A month ago I went along to a public workshop on naturalism, on the set of the Cherry Orchard at the National, The chair of the seated panel, Matt Wolf, introduced the actors and John Beschizza, of RADA, expounded on historical context in which naturalism was realised and how being “real” was such an radical departure in theatre. He sat in his seat, and gave a very convincing if muted account, before leaping up and declaring he didn’t really believe in it. He had an anecdote from an audition where he’d tried to be terribly “real” and bored his teachers half to death and he set this against the need to perform in the sense of entertaining.
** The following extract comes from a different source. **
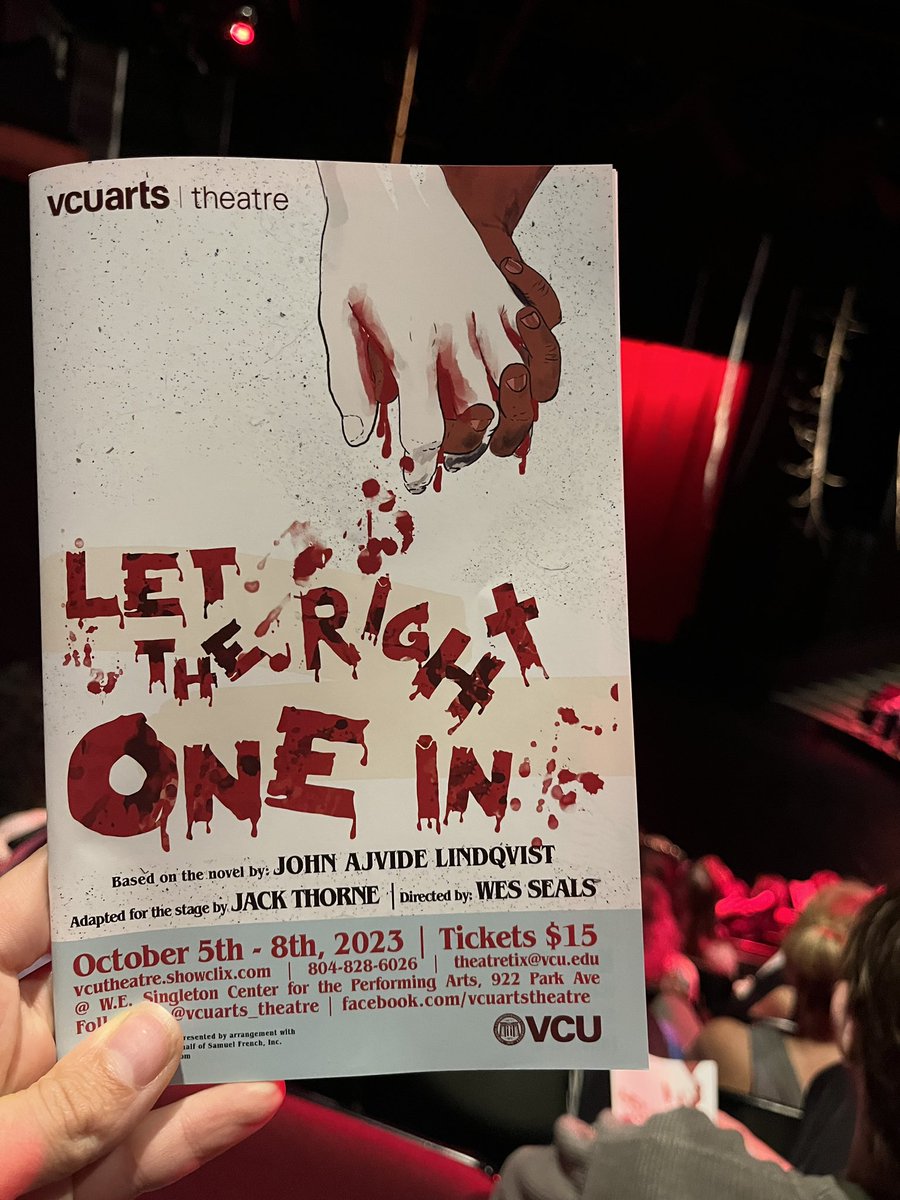 julzsuder's tweet photo. Thanks @VCUarts for two great events this weekend. I enjoyed the Cardboard workshop with guest Dr. Louisa Penfold and “Let the Right One In” a spooky play just in time for Halloween. @VCUartsTheatre Love being close to such an awesome university! https://t.co/5JHQcs96pH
It was an interesting perspective in what was billed as an exploration of Stanslavski’s pioneering acting method!
But the majority of the workshop was simply a rehearsal of a scene from The Seagull, with Jamie Ballard and Sally Hawkins, in which drawing on the actors’ personal experience and connecting it with the text on the page was emphasised (again and again motivations were questioned, “how do you feel” and “what do you want” being Beschizza’s key directorial prompts). It was fascinating to see the same passage performed repeatedly, with the conversations and questioning dialogues in between bringing a flat interpretation into something lively and convincing. The actors were amazingly open, and professional; I was impressed by how fully they threw themselves into the emotions in a public rehearsal. A performance must be one thing, a private rehearsal another. To be exposed in the way that discovering the part, experimenting, in public, requires seems to me an incredibly courageous undertaking. Both actors displayed admirable professionalism.
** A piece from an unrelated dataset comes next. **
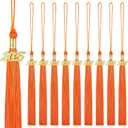 Chuangdi 10 Pieces 2025 Grad Graduation Tassels Graduation Cap Tassels with 2025 Charms Graduate Hat Decoration for School Party Favors(Orange)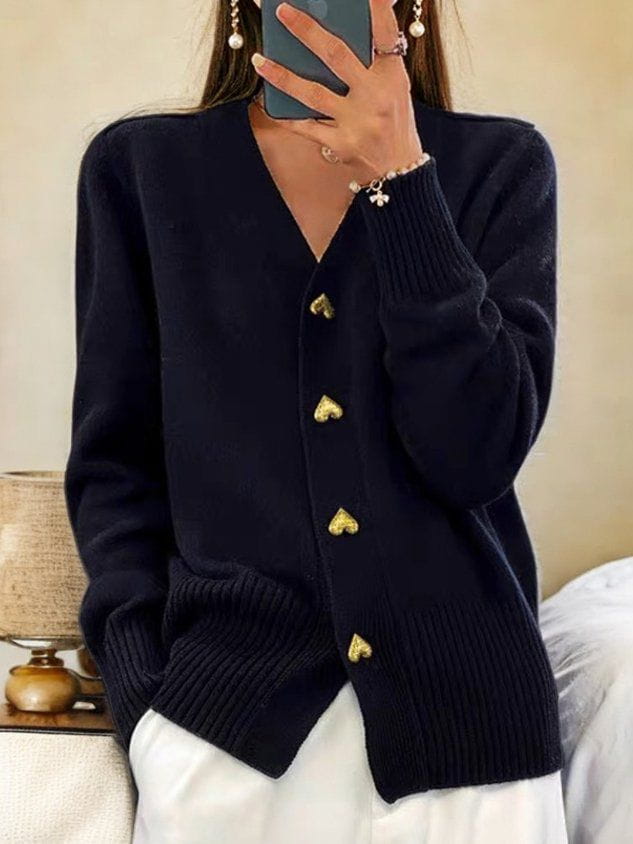 Adelaide Heart-Button Cardigan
After the workshop we discussed whether actors can ever achieve this kind of performance without a director: can they, with sufficient experience, ask themselves the questions and explore their motivations. Do Judi Dench or Ian McKellen really need someone else to prompt this? Although I find it hard to imagine how the director could be dispensed with, it’s an important point. If naturalism really is about connecting with something inner, then direction cannot be imposed. Yet whilst Beschizza never criticised a response, or allowed the actors to feel there were any wrong answers, sometimes he would keep asking the same question (eliciting different or more developed responses) whilst at others he would be satisfied with the first reply he received. I was left feeling the director’s vision had an important place in the process we witnessed, though whether his skill was in persevering until he got the “right” response, or until he felt the depth and quality of the response indicated that exploration of the question had been exhausted I am not sure.
Interestingly, at the end of the process, the actors were quite dismissive of “isms” in general. “You can’t act an intellectual ideal” was a constant refrain; yet the process of connecting expressions of inner feelings through experiences to the text seemed to be something that Stanslavski’s method had embedded so thoroughly that he was barely acknowledged.